Clay Morgan

Clay Morgan


I grew up a free-range child in Idaho, where summers had one rule: Be home by dark. After college, I became a Forest Service smokejumper, parachuting to fight wildfires in the western US and Alaska. I married my college sweetheart, Barbara Radding, and we spent our first year together in Ecuador. There, Barb taught school, we adventured, and I wrote. Back in Idaho, Barb taught while I smokejumped. I published my adult novel, Aura, about an epileptic artist who paints past lifetimes. When Barb was selected as the backup to Teacher in Space Christa McAuliffe, we moved to Houston, where Barb trained with her Challenger crewmates.
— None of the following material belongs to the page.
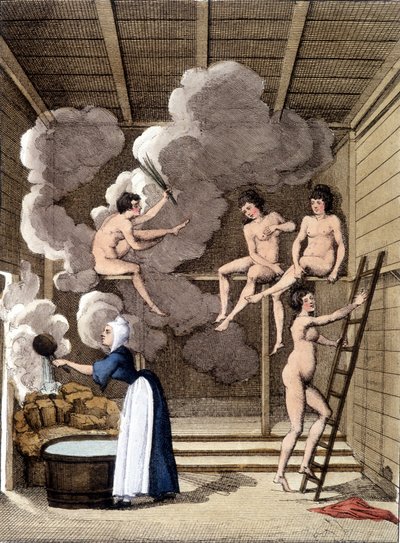 Personaggi nudi in una sauna finlandese. Incisione del 1811 inclusa in un libro sul viaggio. da Unknown artist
The Challenger accident changed many people’s lives. It made us realize that we needed children. Our two fine knuckleheaded sons were born back in McCall, Idaho, on the shores of Payette Lake. There, I did NPR radio commentaries, wrote for hire, and published several books, including two photo essay books and another adult novel. Santiago and the Drinking Party tells an action-philosophy story, set in the upper Amazon. When NASA called Barb back to become an astronaut in 1998, we all moved from the Idaho mountains down to Houston, and a whole different style of life. Barb resumed training and I worked with Johnson Space Center’s Oral History Project, writing the history, Shuttle-Mir: the U.S. and Russia Share History’s Highest Stage. Our boys, Adam and Ryan, helped me write my middle-grade novel, The Boy Who Spoke Dog. We are proud of how it turned out.
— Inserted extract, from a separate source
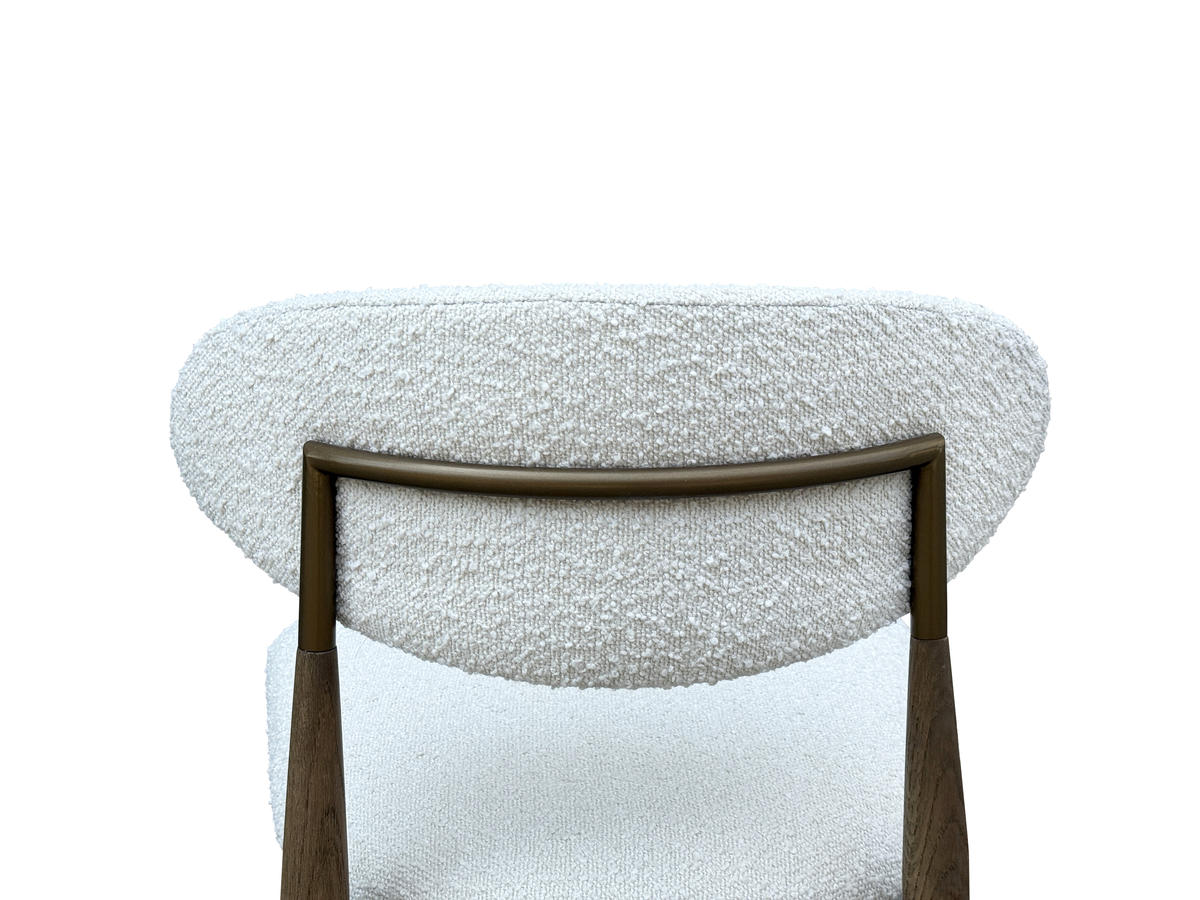 Bone Boucle Upholstered Chair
I had always wondered just how dogs thought, and why dogs did what they did. When we started having children, I started wondering how children’s minds worked, and the answers I got are in The Boy Who Spoke Dog. There are other thought-pattern influences, too. For example, I once spent three days on a meadow, on the Aleutian Peninsula, watching eighteen grizzly bears going about their business. Their lives had nothing to do with human beings, and I realized what a unique and rich society the bears had evolved. They were kind, greedy, grumpy, funny, popular, lonely, conniving, brave, timid, bossy, and cruel. But they were not like people. They were bears. And they didn’t need me (lucky for me!). Later, when I started telling the boys bedtime stories, they wanted wilderness stories about our dog Moxie. So I began to weave together everything I had ever experienced, imagined, or read about dogs and children in the wild. I used as my models my favorite adventure stories: Treasure Island, Robinson Crusoe, Call of the Wild, The Jungle Book, My Side of the Mountain, and others. The Boy Who Spoke Dog comes out of all that, and out of everything I’ve ever done.

I am now working on the sequel to The Boy Who Spoke Dog. Maybe it will be titled The Boy Who Returned. Maybe Jack gets back to the island, but maybe Moxie has had experiences in the meantime. And maybe Jack accidentally brings to the island a brave, independent girl and an evil man – who has a cat!